**Data in this exercise**
****************

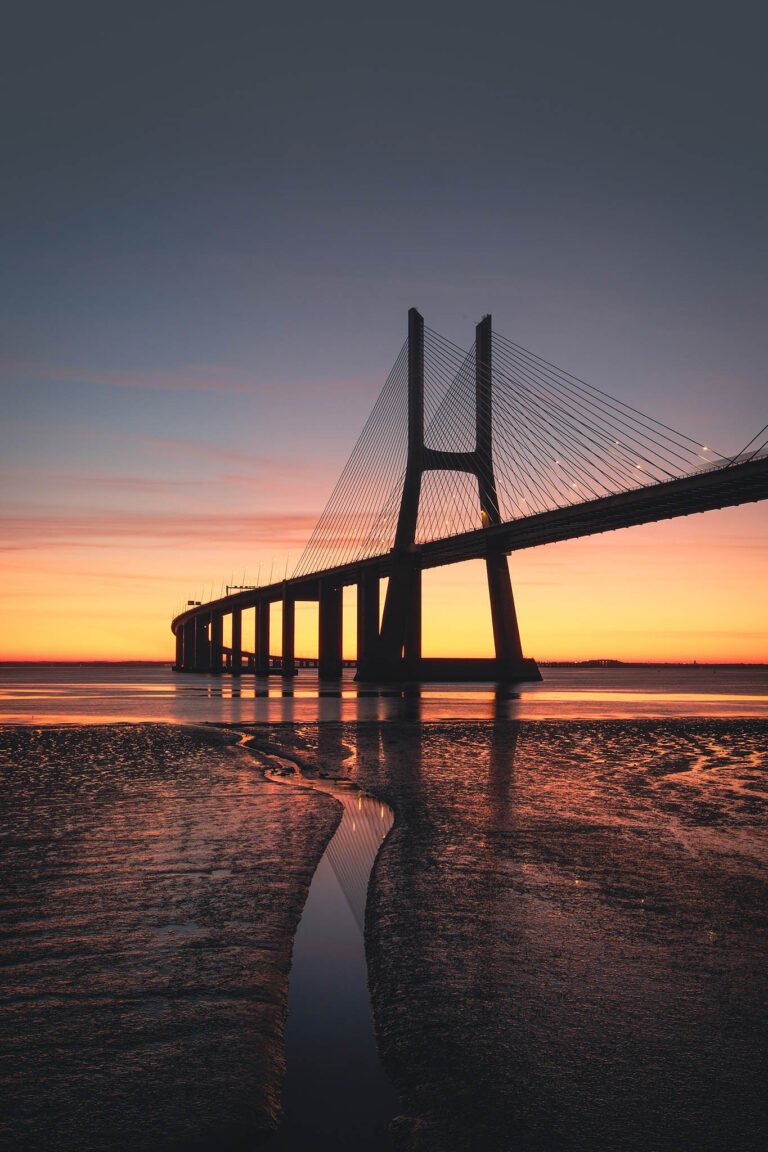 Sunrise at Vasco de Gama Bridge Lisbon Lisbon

****************

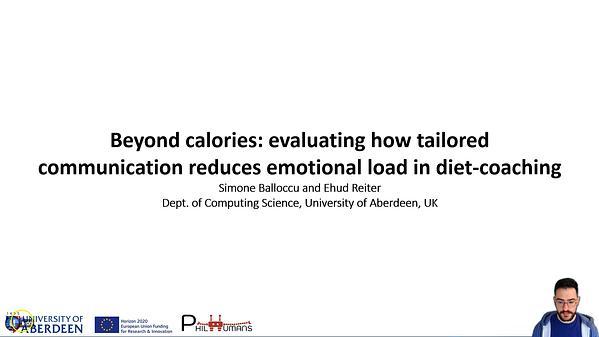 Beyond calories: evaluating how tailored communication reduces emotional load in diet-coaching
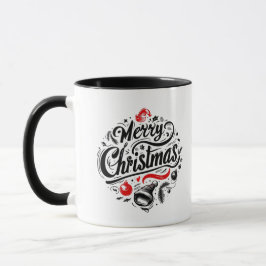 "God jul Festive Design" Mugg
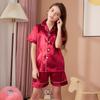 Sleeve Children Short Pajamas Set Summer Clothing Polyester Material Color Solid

****************

**Goal of the exercise**
Your answer must be everything above from the line with "Beyond calories: evaluating" down to the line with "Sleeve Children Short", word for word, and no pictures.

**Solved exercise**
 Beyond calories: evaluating how tailored communication reduces emotional load in diet-coaching
 "God jul Festive Design" Mugg
 Sleeve Children Short Pajamas Set Summer Clothing Polyester Material Color Solid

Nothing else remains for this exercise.